A restaurant offers apple and blueberry pies and stocks an equal number of each kind of pie. Each day ten customers request pie. They choose, with equal probabilities, one of the two kinds of pie. How many pieces of each kind of pie should the owner provide so that the probability is about .95 that each customer gets the pie of his or her own choice?
I used the pbinom function to figure out how many pies I need so that 95% of the time, everyone gets their favorite pie.
# Set parameters
n <- 10 # number of customers
p <- 0.5 # probability of choosing either pie
target_probability <- 0.95
# Function to find the minimum number of pies needed
find_min_pies <- function(n, p, target) {
cumulative_probability <- 0
for (k in 0:n) {
# Calculate the binomial probability
cumulative_probability <- cumulative_probability + dbinom(k, n, p)
# Check if the cumulative probability meets the target
if (cumulative_probability >= target) {
return(k)
}
}
return(n) # Fallback to the maximum if the target isn't met
}
# Find the minimum number of pies
min_pies <- find_min_pies(n, p, target_probability)

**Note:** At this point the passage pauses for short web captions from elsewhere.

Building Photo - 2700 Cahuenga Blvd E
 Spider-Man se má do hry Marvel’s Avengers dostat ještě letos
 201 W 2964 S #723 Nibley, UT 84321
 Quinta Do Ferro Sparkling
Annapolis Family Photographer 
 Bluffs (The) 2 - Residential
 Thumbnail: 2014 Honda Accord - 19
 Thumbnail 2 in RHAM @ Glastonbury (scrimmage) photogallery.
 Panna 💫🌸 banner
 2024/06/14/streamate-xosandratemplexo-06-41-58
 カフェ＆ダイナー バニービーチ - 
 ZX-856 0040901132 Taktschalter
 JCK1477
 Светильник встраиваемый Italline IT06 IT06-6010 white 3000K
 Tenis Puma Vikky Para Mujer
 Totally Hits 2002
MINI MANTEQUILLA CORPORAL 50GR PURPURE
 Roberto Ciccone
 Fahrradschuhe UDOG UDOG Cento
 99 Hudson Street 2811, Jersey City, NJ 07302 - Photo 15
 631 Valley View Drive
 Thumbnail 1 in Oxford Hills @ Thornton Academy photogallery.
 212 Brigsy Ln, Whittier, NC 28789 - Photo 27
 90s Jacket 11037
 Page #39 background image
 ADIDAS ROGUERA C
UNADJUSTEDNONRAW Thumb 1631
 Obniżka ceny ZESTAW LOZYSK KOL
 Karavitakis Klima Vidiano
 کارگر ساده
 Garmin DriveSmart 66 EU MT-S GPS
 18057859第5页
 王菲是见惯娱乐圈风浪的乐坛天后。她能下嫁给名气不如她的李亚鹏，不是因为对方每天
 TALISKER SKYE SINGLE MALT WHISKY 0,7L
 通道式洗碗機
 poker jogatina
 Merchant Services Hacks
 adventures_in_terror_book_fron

print(paste("Minimum number of pies of each kind needed:", min_pies))## [1] "Minimum number of pies of each kind needed: 8"Based on this analysis we found out that we need to have at least 8 pies of each kind. This way, there’s a 95% chance that every customer can choose the pie they want, whether it’s apple or blueberry. I just increased the number of pies step by step, checking the chances each time, until I hit that number where 95% of my customers are happy with their choice.